Oh, what a difference an iMac makes.
It’s also what makes Apple so hard for marketers to comprehend. Most analyses of the company’s branding success get it wrong. They highlight specific qualities: The ads were great; product design trumped the competition; the packaging was exquisite; Jobs was a magician, capable of casting a “reality distortion field” on anyone in his presence.
No, he was an entrepreneur, just like the rest of us. And, by inventing a new reality, he ruined branding as we knew it.
Apple blew up the rules of branding because Jobs simply didn’t recognize them. He didn’t follow the approved checklist, and he never did what he was supposed to do. He knew that someone else’s success wouldn’t be his own, not because of his ego, but because it’s a fact that imitating others has never resulted in great successes. He left it to Apple’s competitors to produce lame, unsold computers with colorful lids, knockoff ads that inadvertently made Apple look better and a world of smartphones and tablets that look like iPhones and iPads.
Apple blew up the rules of branding because Jobs simply didn’t recognize them. He didn’t follow the approved checklist, and he never did what he was supposed to do.
In doing so, Apple focused on doing one thing right: It was a business with a vision, a sometimes monomaniacal approach to operations, and a product and service offering that was consistent with its purpose.
Jobs’ insight was that you can never connect emotionally or meaningfully with customers by conceiving great marketing. No segmenting, strategy, technology or psychological insight will deliver a great brand. You must deliver a great business. The brand will be the words and emotions people use to narrate it. Jobs focused on the cart, yet even today, most marketers confuse it for the horse.

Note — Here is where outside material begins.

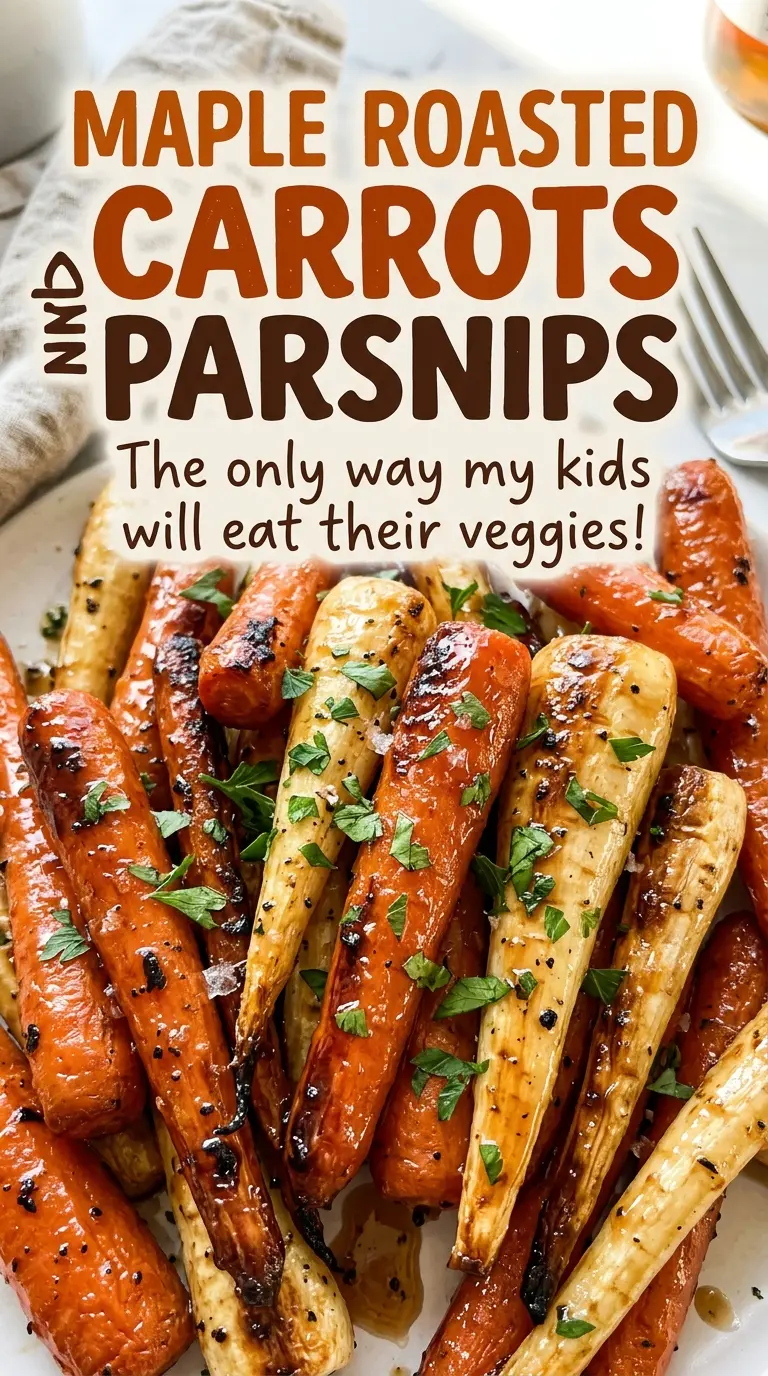 Maple roasted carrots and parsnips tender glazed vegetables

The bad news is that you can’t copy how Apple executed on this promise. You can, however, copy the basic strategy, whether you’re a startup or a multibillion-dollar brand. Do things better or, better yet, uniquely. Care about the details of your business more than your competitors do. Discover novel ways to communicate with customers. Circle back and improve what could get better, and replace what can’t with something else. Then repeat.
Apple ruined branding as we know it.